THE RELATION OF |
STRUGGLE AND VIOLENCE |
The Seville Statement on Violence does not address an important question--the relation between struggle and violence. However, it is not possible to teach the message of the Seville Statement without encountering this question. The position of Unesco on violence is clear. Unesco was established in order to promote the cultural and educational factors which would enable the world to avoid both the obvious violence of war and the less obvious institutional violence that can lead to war. At the same time, Unesco is committed to struggle for justice and liberty.

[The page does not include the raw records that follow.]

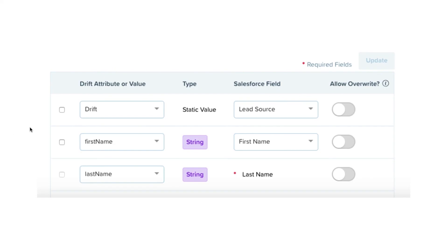We'll also be able to create custom attributes, so if you have really custom fields within Salesforce, we'll be able to create custom attributes within Drift to make sure we're capturing the information that you need. By default, as you can see in this screenshot, the attributes within Drift that will sync over to Salesforce include things like first name, last name, and email — but you can get much more specific and custom with these attributes.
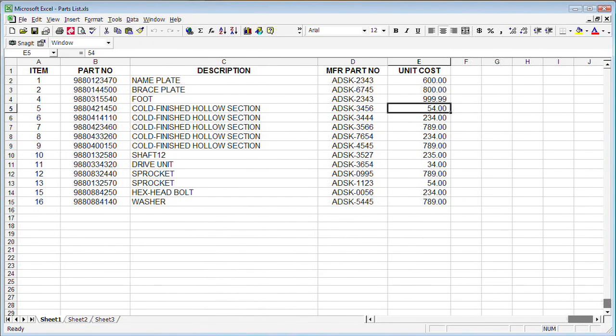You can also create a table that links directly to information that's contained in an Excel spreadsheet. So here's how it works.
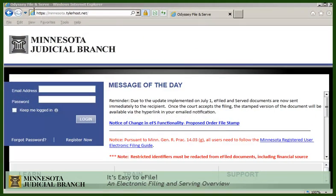A firm administrator will set up your account. Once set up, you'll log in using your email address and the password you've been given.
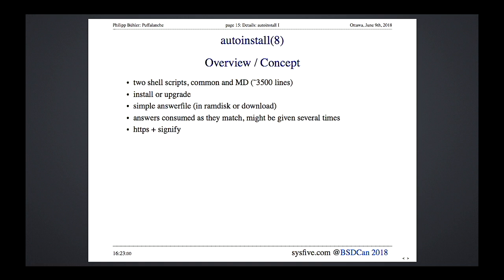The installer is two shell scripts merged into one — the greatest part is a shell script shared across all architectures, with machine-dependent functions especially in the disk setup area, since handling a PC disk versus a SPARC disk is very different. For AMD64, the merged shell script is 3,500 lines — I've read all of it. It's advanced shell scripting, not spaghetti at all. Dare you to look into it, but don't be scared. It can do installation or upgrade, though I'm focused on installation.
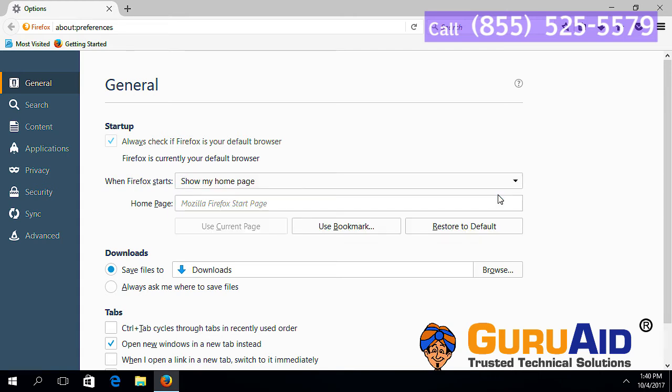In the box present next to home page, enter the web address which you want to set as home page.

For example, Unesco has been in the front lines of the struggle to end the institution of apartheid in South Africa, which is the most brutal manifestation of prejudice, intolerance, and racism. The question arose when the Seville Statement on Violence was presented to the Yamoussoukro International Conference on Peace in the Minds of Men, sponsored by Unesco in the Ivory Coast in 1989. As the rapporteur noted, the discussion made it clear that there is a "need to distinguish clearly between violence and struggle," and that "the Seville Statement should in no way obscure the legitimacy of the struggle for human rights, for justice, and against oppression." |
The distinction between struggle and violence has occupied the greatest leaders of our times. For example, Nobel Peace Laureate Martin Luther King, Jr. put it this way: "Nonviolent resistance is not a method for cowards. It does resist. If one uses this method because he is afraid or merely because he lacks the instruments of violence, he is not truly nonviolent. This is why Gandhi often said that if cowardice is the only alternative to violence, it is better to fight....while the nonviolent resister is passive in the sense that he is not physically aggressive toward his opponent, his mind and emotions are always active, constantly seeking to persuade his opponent that he is wrong. The method is passive physically, but strongly active spiritually. It is not passive non-resistance to evil, it is active nonviolent resistance to evil." Although some people might condemn all expression of anger, Martin Luther King would not agree with this. In commemorating the life of civil rights and peace leader W.E.B. DuBois, King said that "history had taught him it is not enough for people to be angry--the supreme task is to organize and unite people so that their anger becomes a transforming force."